PROBLEM DESCRIPTION. Each line from the one with "9 Locust St, Providence, RI" through the last line of the material is to be printed exactly; no other line and no picture belongs in the copy.

┌─ COLLECTED DATA

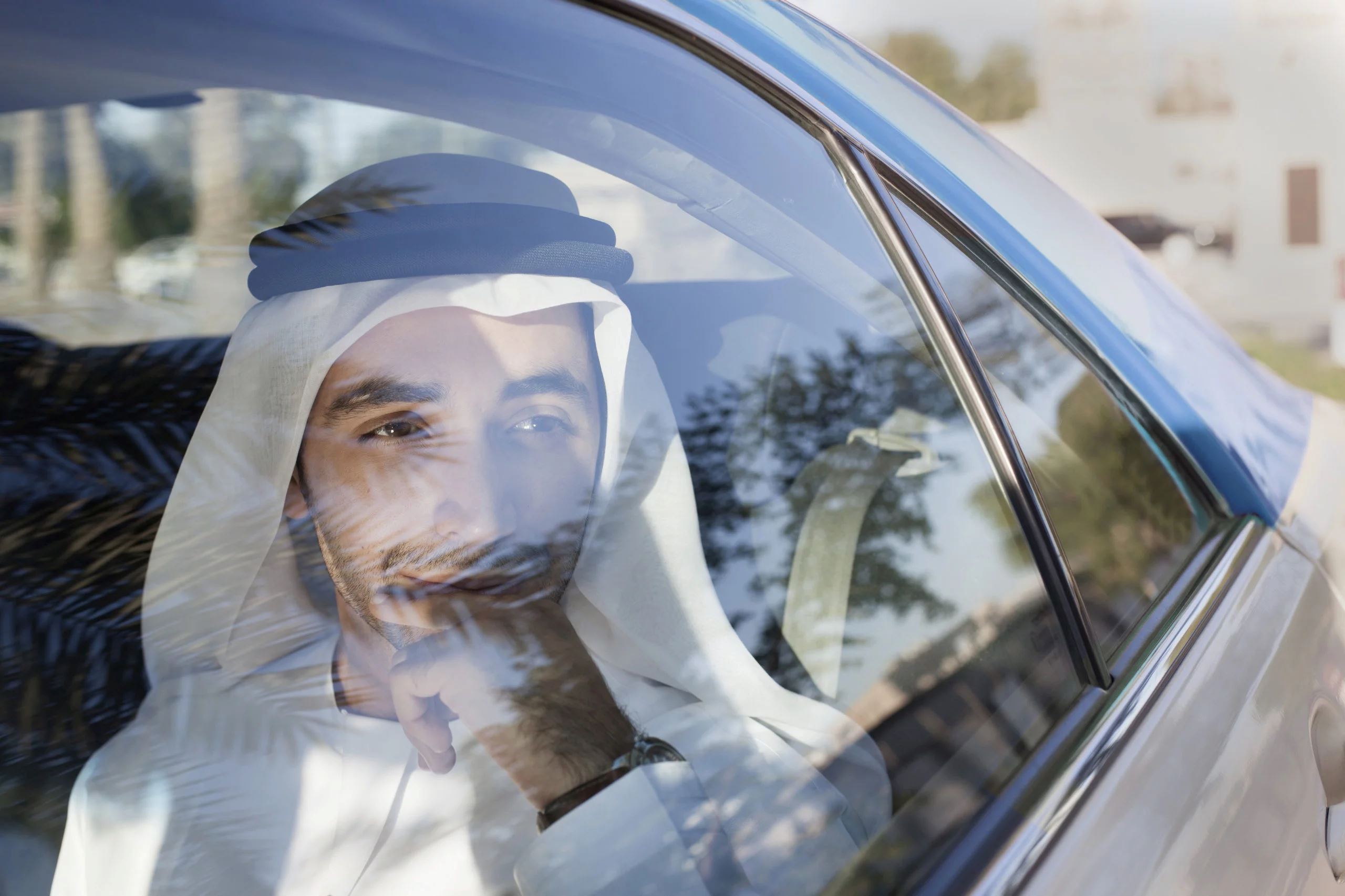 A picture of a muslim man in the car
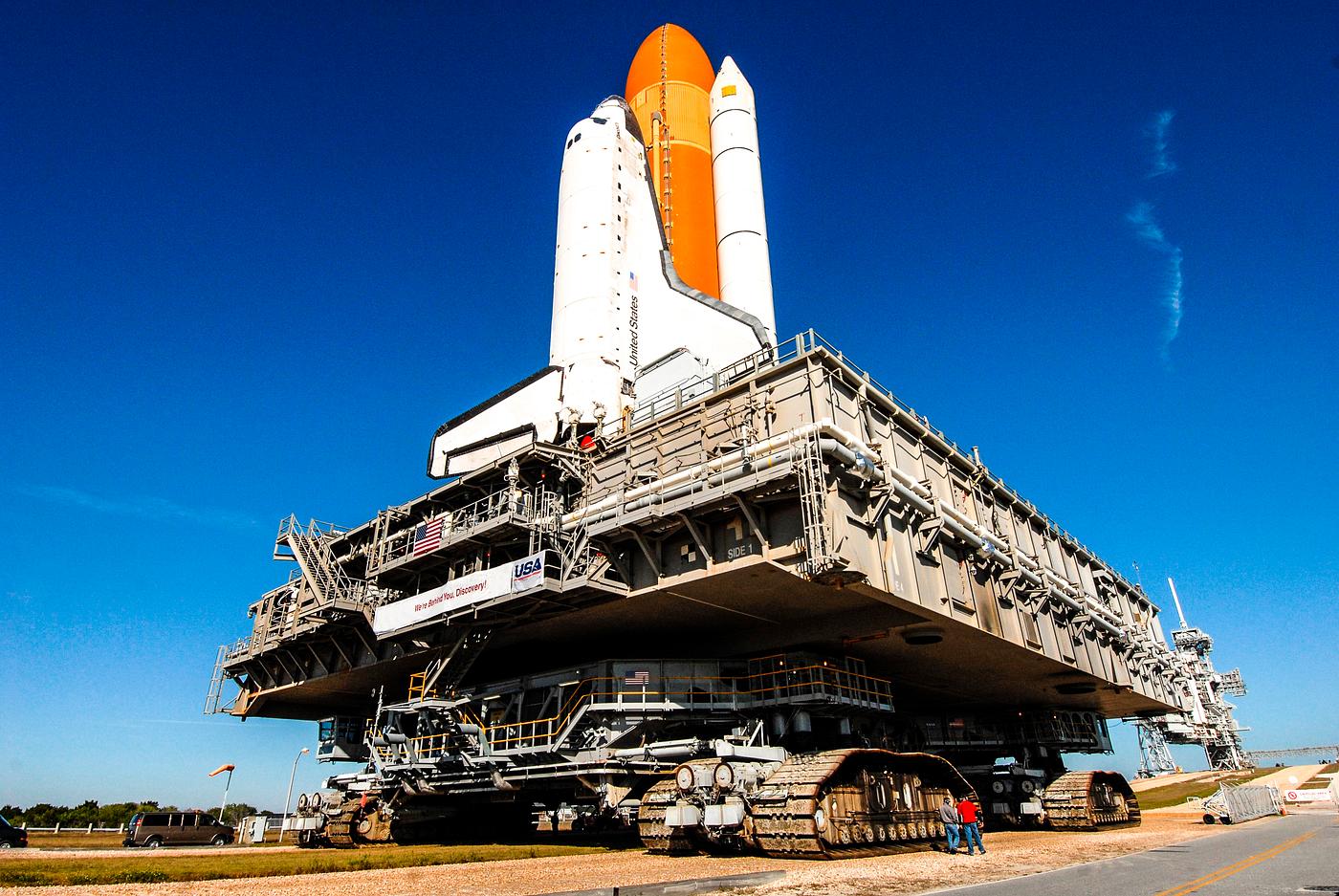Space shuttle Discovery, atop the mobile launcher platform and crawler-transporter, approaches the ramp to Launch Pad 39A at... Space shuttle Discovery, atop the mobile launcher platform and crawler-transporter, approaches the ramp to Launch Pad 39A at...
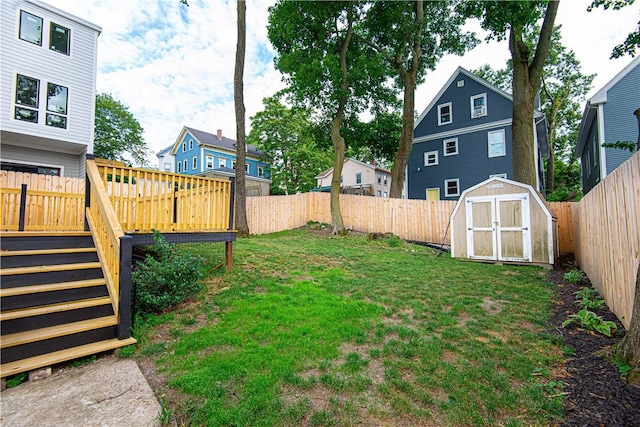 9 Locust St, Providence, RI 02906 - fenced backyard featuring a storage unit and a deck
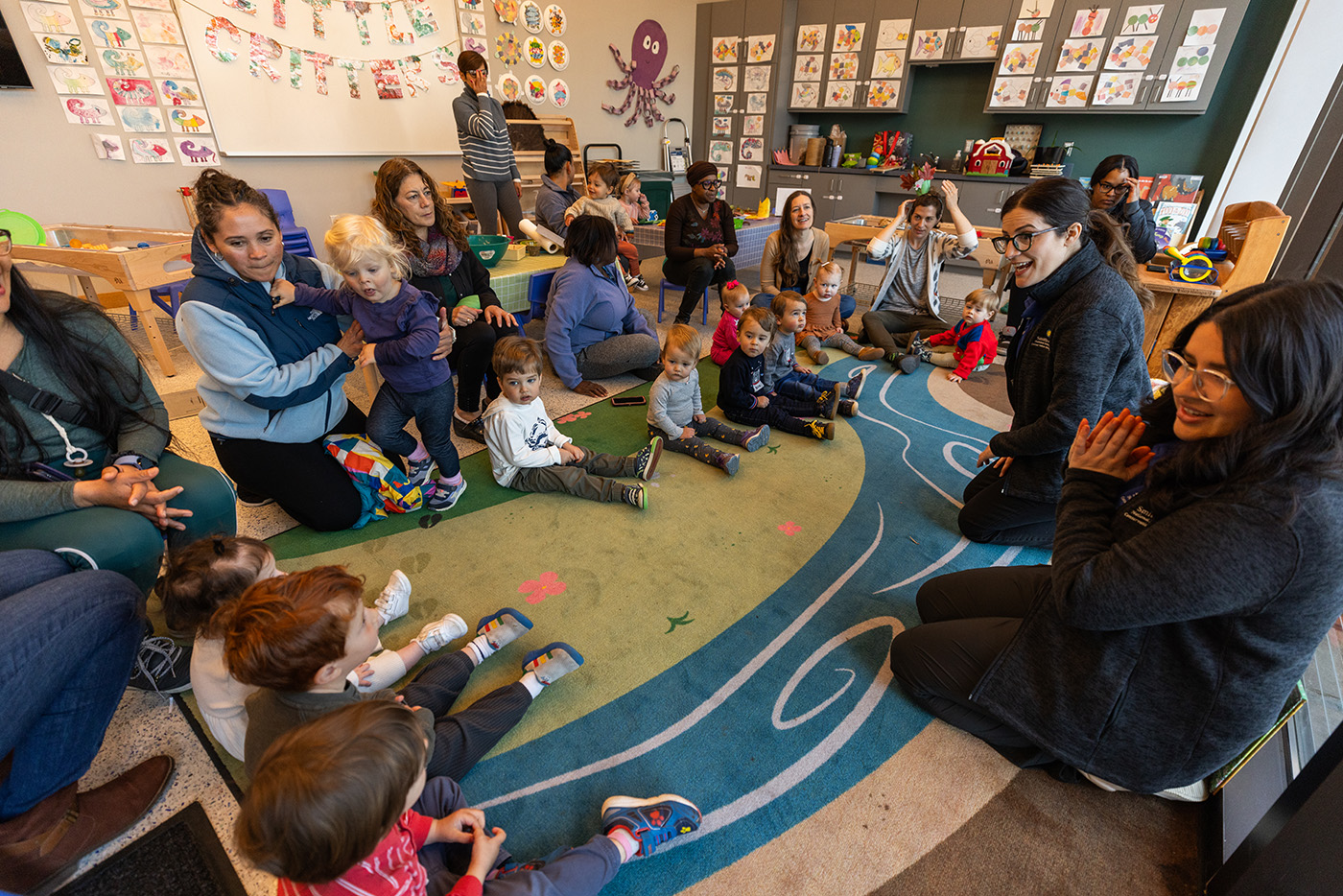 Young children and their caregivers sit in a circle for storytime.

└─

OUTPUT OF THE TASK.
 9 Locust St, Providence, RI 02906 - fenced backyard featuring a storage unit and a deck
 Young children and their caregivers sit in a circle for storytime.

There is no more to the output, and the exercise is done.